I had lunch with a friend recently. His mother had died several weeks before. He’d been involved in the painful details one manages after a relative’s death, like dealing with insurance companies, bills that need closure, changing ownership rights, and the aggravating mechanics that burden our mourning. As we ate, he mentioned casually that this would be the first time in his life that his mother wouldn’t be there for Christmas. Normally gregarious and voluble, he grew more solemn and we spent much of our lunch in silence.
My wife and I attend church together. Just recently there we chores she needed doing at home so I went to church by myself. I was sitting where I could see a woman who’d recently lost her husband. For a moment I identified with her. The idea of being alone became more charged with emotion. It rattled me.
The power of a presence in our lives cannot be underestimated.
Large numbers of Shore residents are older. My church has an aging congregation. For elders the sense of mortality becomes more acute and losing a spouse or a long time friend is common.
Our preacher, Gregory Powell is a thoughtful and reflective man. That day in church without my wife, he talked openly from the pulpit about his own fears and struggles with loneliness. I found the sermon authentic and helpful. There’s something freeing and also comforting about someone who speaks openly the thoughts we harbor that frighten or depress us, the thoughts we won’t tell others.

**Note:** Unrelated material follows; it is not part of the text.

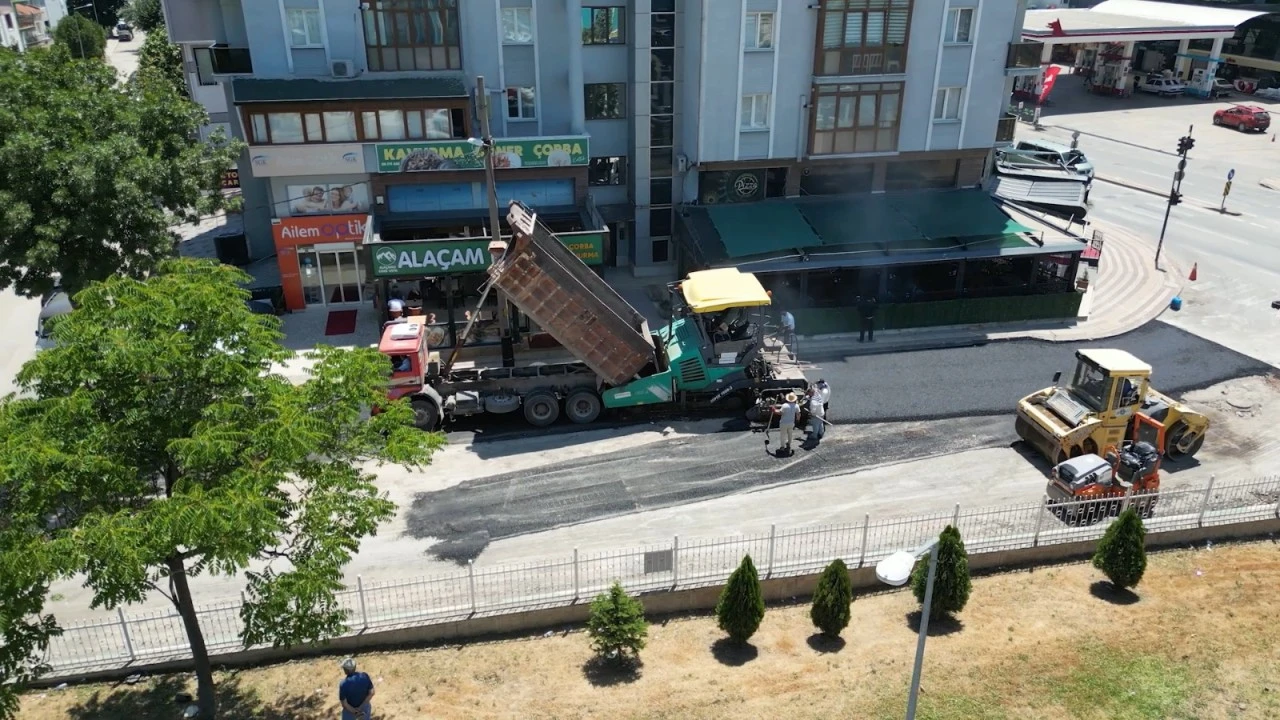 Kestel Belediyesi'nin asfalt mesaisi sürüyor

To feel alone is excruciatingly painful, and I suspect that the ultimate sting of death isn’t just the dying process but to feel completely alone in it. Almost anything becomes endurable when we know someone’s there with us.
Several days ago, my wife and I drove to D.C. We went to get a Christmas present she promised me earlier in the year. It was a sport jacket, a pricey one. We went, bought the gift, and from there went to have lunch. On the way to lunch a short white woman in dungarees and an oversized coat approached us. I knew she was a street person. She walked toward us, and asked for change to get a bus. I had my hands in my pockets. I’d been kneading loose change that accrued in my left pocket. I pulled out the change almost without thinking. I gave it to her and told her that I hoped her day would be blest. I had mixed feelings; the awkwardness in confronting the boundary between privilege and poverty, feeling guilty but also wanting to lend as much dignity to this transient encounter as possible. I think I did the right thing. Not the change – but the intention I followed through with: I wanted to be sure to look her in the eye when I handed her the money so that she would know I wasn’t buying her off, but acknowledging her as a person. She looked in my eyes and said something about the change. It seemed gentle but I can’t remember exactly what she said because I was too anxious and unsure of myself to hear anything.
On the way home up Massachusetts Avenue, traffic was stop and go. During long stops, some indigent people walked between lines of cars with cups soliciting money. At one stop, traffic stalled. A black man, thin and gaunt, was coming up between the stalled cars saying things I could not hear. It was cold. He had an old rug liner draped over him like a cape. He limped. I had a thought I did not like; I wished the traffic would roll on so I would not have to decide whether or not to open the window and give him money. I did not want to see his abject poverty, be that close to his humiliation but perhaps more than anything not feel near that terrible loneliness that this city of global power hosts for so many of its residents. I wanted it all to go away.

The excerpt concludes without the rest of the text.